We’re building Viam to help teams unlock the power of AI, data, and automation in the physical world. With this in mind, we’ve been continually updating our platform to help you better visualize the data from your devices, to monitor the up-to-the-minute status of large fleets of machines, and to innovate with ML models in powerful new ways.
Get greater visibility across your fleet
More insight into the status of all your machines with new Fleet Dashboards
The new Viam Fleet Dashboards give you greater insights into what is happening across all your machines.
- These dashboards are designed to scale with fleets of hundreds of machines.
- You can see aggregated information from across your fleet, including live or offline status and the current viam-server version for each machine.
- Quickly identify issues to triage, investigate, and resolve them efficiently.
Docs: How to manage a fleet of machines
New visualization features
New in-app visualization features enable organizations to view real-time and historical sensor data collected from any machine.
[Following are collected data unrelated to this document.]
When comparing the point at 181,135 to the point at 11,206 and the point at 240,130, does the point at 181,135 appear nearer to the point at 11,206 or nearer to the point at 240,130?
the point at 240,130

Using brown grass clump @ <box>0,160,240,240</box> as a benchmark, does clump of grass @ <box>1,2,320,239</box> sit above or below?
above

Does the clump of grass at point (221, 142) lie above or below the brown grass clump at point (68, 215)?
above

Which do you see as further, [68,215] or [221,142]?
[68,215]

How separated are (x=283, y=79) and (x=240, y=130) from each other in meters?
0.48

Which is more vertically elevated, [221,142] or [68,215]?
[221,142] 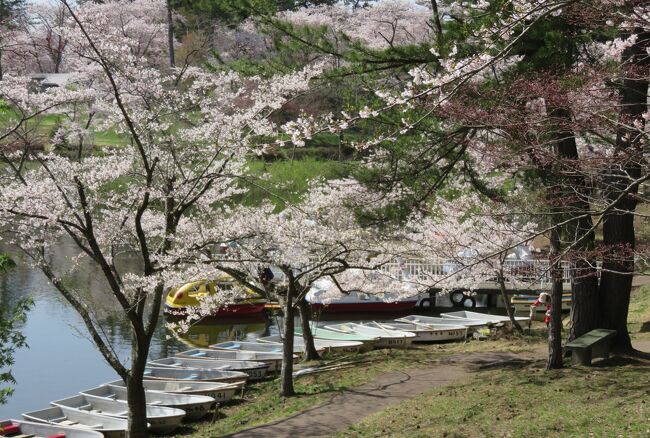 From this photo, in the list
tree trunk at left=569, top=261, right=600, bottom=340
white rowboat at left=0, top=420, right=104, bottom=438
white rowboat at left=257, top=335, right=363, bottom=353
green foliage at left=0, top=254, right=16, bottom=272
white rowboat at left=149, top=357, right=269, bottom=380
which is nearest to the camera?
green foliage at left=0, top=254, right=16, bottom=272

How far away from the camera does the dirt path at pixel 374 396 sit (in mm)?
10545

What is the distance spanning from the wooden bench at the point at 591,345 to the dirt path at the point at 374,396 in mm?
1571

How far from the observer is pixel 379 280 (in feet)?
55.8

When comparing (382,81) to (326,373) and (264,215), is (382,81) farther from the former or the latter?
(326,373)

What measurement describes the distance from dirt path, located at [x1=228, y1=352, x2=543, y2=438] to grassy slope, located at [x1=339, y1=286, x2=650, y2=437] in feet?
1.43

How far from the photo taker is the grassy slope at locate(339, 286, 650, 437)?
27.9 ft

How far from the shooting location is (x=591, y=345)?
11.6 meters

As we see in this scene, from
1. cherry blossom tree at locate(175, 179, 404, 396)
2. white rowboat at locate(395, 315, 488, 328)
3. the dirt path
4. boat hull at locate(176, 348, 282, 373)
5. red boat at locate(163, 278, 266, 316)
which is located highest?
cherry blossom tree at locate(175, 179, 404, 396)

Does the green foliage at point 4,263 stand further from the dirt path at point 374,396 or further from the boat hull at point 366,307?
the boat hull at point 366,307

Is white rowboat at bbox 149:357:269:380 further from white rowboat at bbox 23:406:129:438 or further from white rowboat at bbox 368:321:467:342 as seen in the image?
white rowboat at bbox 368:321:467:342

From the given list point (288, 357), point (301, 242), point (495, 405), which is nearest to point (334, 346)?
point (288, 357)

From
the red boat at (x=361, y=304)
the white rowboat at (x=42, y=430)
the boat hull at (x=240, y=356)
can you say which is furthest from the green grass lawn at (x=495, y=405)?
the red boat at (x=361, y=304)

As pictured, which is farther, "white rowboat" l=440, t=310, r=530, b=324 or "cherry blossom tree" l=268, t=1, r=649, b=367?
"white rowboat" l=440, t=310, r=530, b=324

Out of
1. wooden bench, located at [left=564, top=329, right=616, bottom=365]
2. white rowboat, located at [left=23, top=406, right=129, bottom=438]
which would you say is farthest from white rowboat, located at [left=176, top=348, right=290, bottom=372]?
wooden bench, located at [left=564, top=329, right=616, bottom=365]
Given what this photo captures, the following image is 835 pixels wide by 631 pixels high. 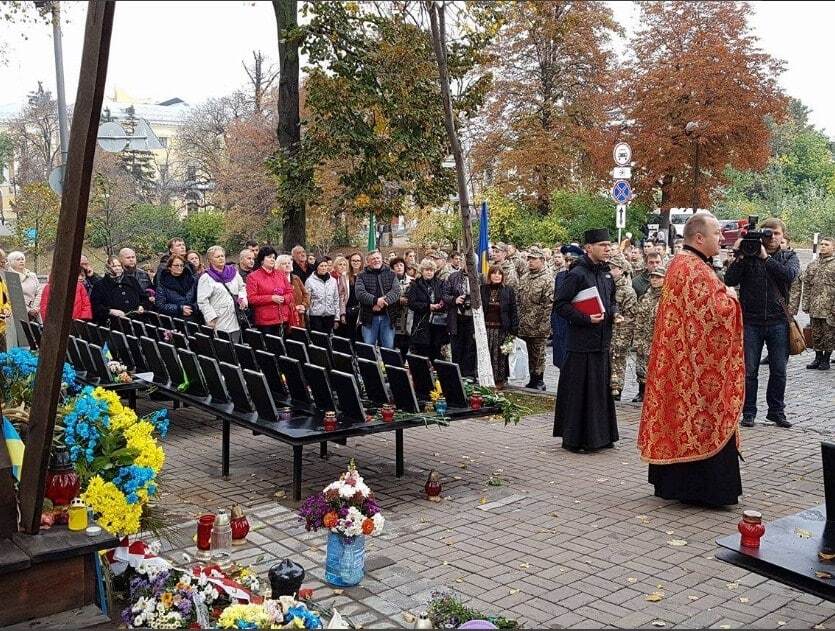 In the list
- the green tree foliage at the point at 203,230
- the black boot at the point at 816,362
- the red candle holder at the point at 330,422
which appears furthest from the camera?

Operators and engineers can easily access relevant information, switch between machines, and track metrics like throughput, production, or cost efficiency. Visualizing your data provides deeper insights into machine behavior and performance, supporting goals like optimizing operations, improving efficiency, identifying cost-saving opportunities, and more.
Viam’s web-based library supports multiple widget types to display data, including:
- Time series: Track trends by plotting data points over time, including temperature or pressure readings.
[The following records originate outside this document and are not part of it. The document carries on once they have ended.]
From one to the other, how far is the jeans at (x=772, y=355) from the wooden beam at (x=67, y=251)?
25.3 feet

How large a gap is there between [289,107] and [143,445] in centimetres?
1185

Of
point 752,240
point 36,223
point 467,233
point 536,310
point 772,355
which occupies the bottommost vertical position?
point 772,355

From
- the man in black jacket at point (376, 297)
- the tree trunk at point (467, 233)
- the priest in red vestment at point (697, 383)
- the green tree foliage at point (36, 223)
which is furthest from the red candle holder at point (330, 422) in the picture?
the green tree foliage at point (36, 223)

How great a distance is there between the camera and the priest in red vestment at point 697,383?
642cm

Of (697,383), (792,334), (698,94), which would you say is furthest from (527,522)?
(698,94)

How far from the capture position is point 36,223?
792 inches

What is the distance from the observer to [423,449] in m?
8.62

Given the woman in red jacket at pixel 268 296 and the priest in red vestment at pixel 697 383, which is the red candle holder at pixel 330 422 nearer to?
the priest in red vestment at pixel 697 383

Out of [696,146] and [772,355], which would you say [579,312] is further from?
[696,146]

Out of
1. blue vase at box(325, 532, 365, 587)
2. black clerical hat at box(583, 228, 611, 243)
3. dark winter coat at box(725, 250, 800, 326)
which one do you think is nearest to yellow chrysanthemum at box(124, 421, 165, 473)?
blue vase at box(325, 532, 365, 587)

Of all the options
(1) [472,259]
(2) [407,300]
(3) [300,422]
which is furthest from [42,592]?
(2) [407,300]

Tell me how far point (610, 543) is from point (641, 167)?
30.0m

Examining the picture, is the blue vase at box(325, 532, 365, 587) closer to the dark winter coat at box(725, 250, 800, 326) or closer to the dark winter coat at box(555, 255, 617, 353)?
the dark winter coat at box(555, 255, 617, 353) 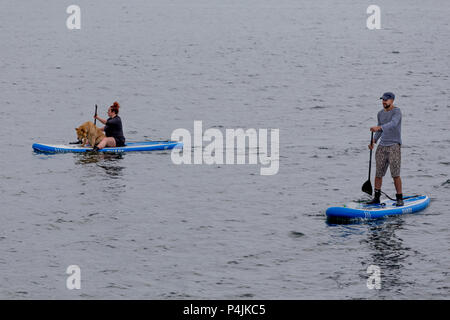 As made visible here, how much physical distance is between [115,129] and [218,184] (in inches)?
199

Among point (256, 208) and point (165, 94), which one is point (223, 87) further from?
point (256, 208)

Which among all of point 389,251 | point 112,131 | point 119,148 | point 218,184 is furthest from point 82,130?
point 389,251

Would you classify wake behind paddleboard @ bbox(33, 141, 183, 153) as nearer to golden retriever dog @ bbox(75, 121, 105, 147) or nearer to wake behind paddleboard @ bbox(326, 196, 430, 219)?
golden retriever dog @ bbox(75, 121, 105, 147)

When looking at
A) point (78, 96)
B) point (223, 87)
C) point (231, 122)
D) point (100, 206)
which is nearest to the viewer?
point (100, 206)

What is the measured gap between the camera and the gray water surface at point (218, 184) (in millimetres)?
17031

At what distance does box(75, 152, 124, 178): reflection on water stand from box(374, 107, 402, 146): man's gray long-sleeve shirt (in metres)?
9.17

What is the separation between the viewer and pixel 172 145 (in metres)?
30.1

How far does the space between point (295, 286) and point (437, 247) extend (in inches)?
162

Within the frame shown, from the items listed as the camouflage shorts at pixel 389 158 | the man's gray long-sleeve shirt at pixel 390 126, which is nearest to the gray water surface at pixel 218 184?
the camouflage shorts at pixel 389 158

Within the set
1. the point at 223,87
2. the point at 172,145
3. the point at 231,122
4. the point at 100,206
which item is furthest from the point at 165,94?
the point at 100,206

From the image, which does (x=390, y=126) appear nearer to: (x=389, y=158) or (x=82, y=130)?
(x=389, y=158)

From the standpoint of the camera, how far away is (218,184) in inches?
995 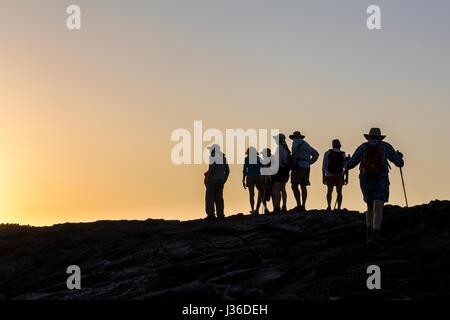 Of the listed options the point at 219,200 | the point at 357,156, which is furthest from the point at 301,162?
the point at 357,156

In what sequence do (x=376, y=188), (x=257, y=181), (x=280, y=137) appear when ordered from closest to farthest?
1. (x=376, y=188)
2. (x=280, y=137)
3. (x=257, y=181)

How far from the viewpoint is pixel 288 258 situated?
73.7ft

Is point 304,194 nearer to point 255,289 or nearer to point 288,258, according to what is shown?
point 288,258

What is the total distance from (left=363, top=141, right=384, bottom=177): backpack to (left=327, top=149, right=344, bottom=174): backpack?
7704mm

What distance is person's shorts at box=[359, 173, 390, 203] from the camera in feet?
68.7

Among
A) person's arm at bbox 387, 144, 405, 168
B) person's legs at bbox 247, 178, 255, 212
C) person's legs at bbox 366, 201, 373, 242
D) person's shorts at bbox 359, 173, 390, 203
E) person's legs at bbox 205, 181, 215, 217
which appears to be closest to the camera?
person's shorts at bbox 359, 173, 390, 203

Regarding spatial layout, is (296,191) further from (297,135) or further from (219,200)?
(219,200)

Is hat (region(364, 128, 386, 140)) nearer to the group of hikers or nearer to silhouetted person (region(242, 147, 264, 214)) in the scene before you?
the group of hikers

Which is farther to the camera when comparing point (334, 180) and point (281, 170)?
point (281, 170)

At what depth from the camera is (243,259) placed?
23.1 m

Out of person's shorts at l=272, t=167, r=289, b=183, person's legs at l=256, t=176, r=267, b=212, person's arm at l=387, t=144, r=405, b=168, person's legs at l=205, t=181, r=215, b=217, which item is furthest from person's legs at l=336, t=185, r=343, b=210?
person's arm at l=387, t=144, r=405, b=168

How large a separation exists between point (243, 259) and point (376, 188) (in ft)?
13.6

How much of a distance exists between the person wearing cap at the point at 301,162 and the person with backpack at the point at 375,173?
25.3ft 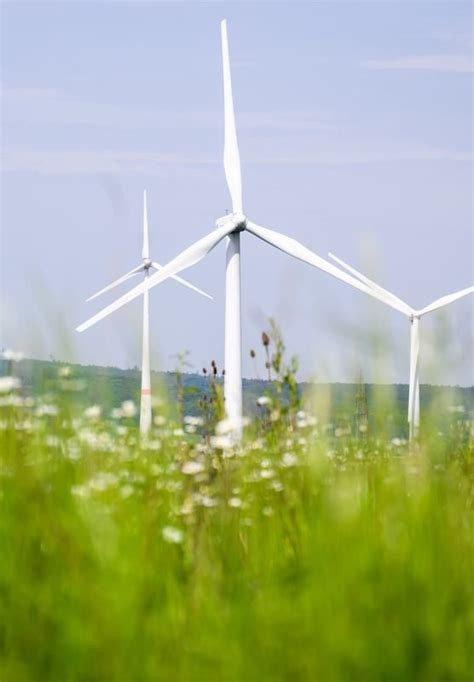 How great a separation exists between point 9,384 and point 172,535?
166 cm

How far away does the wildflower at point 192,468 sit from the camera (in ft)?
23.4

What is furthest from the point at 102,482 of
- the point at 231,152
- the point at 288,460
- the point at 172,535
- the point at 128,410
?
the point at 231,152

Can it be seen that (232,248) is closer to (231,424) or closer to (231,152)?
(231,152)

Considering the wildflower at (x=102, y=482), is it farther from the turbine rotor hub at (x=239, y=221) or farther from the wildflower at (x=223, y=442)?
the turbine rotor hub at (x=239, y=221)

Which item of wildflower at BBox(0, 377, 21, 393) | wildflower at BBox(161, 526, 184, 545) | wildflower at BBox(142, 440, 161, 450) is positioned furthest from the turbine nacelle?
wildflower at BBox(161, 526, 184, 545)

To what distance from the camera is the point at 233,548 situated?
670 cm

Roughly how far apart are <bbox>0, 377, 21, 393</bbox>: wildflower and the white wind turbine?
56.5 feet

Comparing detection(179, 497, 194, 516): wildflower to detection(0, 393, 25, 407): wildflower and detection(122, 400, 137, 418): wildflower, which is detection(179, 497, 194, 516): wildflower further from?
detection(0, 393, 25, 407): wildflower

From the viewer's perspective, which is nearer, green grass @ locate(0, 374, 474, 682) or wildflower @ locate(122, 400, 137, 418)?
green grass @ locate(0, 374, 474, 682)

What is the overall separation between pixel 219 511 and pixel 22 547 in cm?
160

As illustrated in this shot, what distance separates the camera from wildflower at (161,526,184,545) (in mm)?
6090

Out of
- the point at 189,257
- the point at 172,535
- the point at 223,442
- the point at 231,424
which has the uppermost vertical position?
the point at 189,257

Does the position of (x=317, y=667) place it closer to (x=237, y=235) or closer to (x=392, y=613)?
(x=392, y=613)

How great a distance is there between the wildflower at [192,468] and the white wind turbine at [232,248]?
56.3 ft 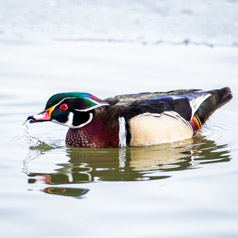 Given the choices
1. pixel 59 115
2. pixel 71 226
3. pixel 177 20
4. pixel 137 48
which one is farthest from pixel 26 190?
pixel 177 20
- Stat widget: Highlight key metrics, like uptime or average speed, for easy reference.
- GPS map: View live geolocation data to monitor your assets in real time.
- Camera stream: Remotely monitor via live video streams from cameras equipped with Viam’s server, enabling remote monitoring with configurable refresh rates.
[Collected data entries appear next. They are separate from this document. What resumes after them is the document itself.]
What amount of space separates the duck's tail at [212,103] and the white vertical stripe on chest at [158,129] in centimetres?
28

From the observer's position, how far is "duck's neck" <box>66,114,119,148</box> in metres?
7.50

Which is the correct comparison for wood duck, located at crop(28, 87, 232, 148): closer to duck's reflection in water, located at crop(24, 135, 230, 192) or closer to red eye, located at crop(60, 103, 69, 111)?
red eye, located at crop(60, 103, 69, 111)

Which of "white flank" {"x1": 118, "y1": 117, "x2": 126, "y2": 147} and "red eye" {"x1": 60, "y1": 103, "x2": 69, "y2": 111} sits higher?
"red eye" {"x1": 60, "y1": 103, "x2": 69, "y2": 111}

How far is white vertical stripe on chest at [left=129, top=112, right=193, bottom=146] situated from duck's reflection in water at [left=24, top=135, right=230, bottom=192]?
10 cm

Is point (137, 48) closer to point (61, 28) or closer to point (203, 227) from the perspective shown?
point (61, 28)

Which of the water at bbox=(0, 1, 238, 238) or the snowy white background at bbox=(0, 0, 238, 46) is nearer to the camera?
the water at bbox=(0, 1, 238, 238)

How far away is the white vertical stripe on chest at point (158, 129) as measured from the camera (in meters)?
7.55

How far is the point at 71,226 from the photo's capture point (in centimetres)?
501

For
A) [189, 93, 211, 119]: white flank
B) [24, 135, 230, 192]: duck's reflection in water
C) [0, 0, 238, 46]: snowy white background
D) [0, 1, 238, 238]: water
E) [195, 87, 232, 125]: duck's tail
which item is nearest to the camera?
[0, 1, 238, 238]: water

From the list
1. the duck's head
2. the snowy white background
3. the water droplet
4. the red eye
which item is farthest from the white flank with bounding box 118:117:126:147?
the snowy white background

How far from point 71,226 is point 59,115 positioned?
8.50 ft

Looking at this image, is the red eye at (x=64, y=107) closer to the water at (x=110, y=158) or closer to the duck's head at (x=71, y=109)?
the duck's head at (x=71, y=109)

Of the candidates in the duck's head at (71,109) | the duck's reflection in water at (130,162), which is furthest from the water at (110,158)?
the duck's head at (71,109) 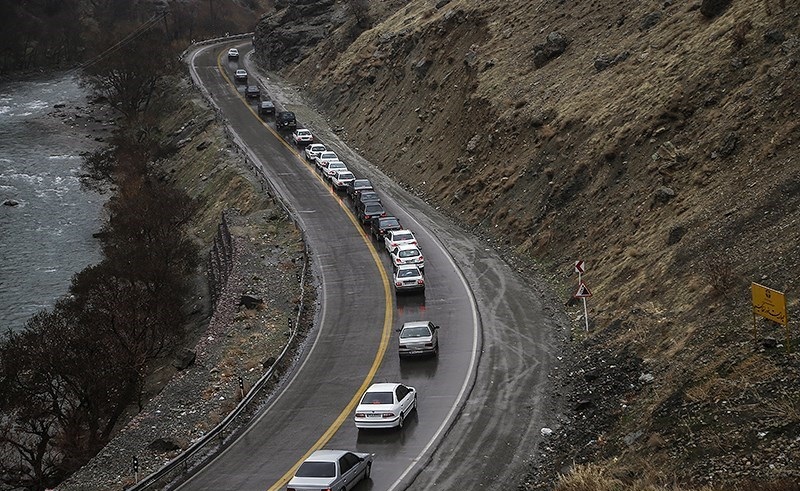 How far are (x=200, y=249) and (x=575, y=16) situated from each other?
29.5 meters

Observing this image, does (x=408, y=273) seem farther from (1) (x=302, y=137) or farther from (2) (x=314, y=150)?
(1) (x=302, y=137)

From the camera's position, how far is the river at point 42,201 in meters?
55.5

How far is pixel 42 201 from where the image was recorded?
73.2 meters

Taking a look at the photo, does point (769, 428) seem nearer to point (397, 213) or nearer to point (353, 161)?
point (397, 213)

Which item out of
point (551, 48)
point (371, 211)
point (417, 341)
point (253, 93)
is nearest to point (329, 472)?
point (417, 341)

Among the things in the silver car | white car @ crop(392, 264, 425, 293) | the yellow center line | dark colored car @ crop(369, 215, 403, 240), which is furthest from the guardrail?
dark colored car @ crop(369, 215, 403, 240)

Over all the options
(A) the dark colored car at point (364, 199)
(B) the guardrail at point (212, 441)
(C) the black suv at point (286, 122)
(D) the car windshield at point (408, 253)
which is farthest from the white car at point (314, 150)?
(B) the guardrail at point (212, 441)

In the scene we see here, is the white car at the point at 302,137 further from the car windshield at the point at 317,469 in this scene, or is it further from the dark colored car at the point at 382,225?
the car windshield at the point at 317,469

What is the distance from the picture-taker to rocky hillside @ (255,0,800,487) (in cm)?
2072

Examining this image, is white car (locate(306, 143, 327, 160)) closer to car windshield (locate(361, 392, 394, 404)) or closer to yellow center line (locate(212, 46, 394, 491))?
yellow center line (locate(212, 46, 394, 491))

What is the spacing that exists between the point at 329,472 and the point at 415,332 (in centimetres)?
1047

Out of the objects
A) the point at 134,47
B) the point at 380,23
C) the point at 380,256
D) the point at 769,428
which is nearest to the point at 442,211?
the point at 380,256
Read the full announcement and watch Product Manager Jack Damon walk you through this feature in action.
New ML capabilities
Support for training models with custom Python scripts
We just launched support for training models with custom Python scripts, allowing you to control the model training process on Viam and leverage any Python-based framework.
Viam provides tools for each stage of model development and usage: from data collection and labeling to model training, deployment, and inference. Previously, users could use Viam to train image classification and detection models with TFLite.
Read the launch blog to learn more.
Extending the breadth of the Viam platform
Viam TypeScript SDK now works with Node.js
The Viam TypeScript SDK now supports Node.js, so you can use Viam's APIs anywhere you can run Node. Whether you're automating hardware, building IoT systems, or integrating robotics workflows, this update makes it easier to connect your applications to Viam.
const VIAM = require('@viamrobotics/sdk');
const wrtc = require('node-datachannel/polyfill');
const connectNode = require('@connectrpc/connect-node');
globalThis.VIAM = {
GRPC_TRANSPORT_FACTORY: (opts: any) =>
connectNode.createGrpcTransport({ httpVersion: '2', ...opts }),
};
async function connect() {
const client = await VIAM.createRobotClient({
host: process.env.HOST,
credentials: {
type: 'api-key',
authEntity: process.env.API_KEY_ID,
payload: process.env.API_KEY_SECRET,
},
});
console.log(await client.resourceNames());
}
connect().catch((e) => {
console.error('error connecting to machine', e);
});
To get started, follow the quickstart guide in our README.
More control over how you capture and store your data
Configure data retention
The Viam data capture service now allows users to specify a data retention policy to apply to all data captured by that configured component. The `retention_policy` configuration accepts one of the following fields to define a policy: "days": <int>, "binary_limit_gb": <int>, "tabular_limit_gb": <int>.
Docs: Data Management
Looking ahead
With powerful new visualization capabilities, streamlined fleet dashboards, and enhanced support for custom ML training, we're enabling businesses to unlock greater efficiency and insights.
By simplifying complex processes—whether through intuitive data dashboards or flexible support for Python-based ML frameworks—Viam is making advanced technology more accessible than ever.
Adding support for Node projects in TypeScript continues our investment in the breadth and flexibility of our platform. We remain focused on building a single platform where engineers of all disciplines can collaborate to solve problems and build solutions that are both fast and future-proof.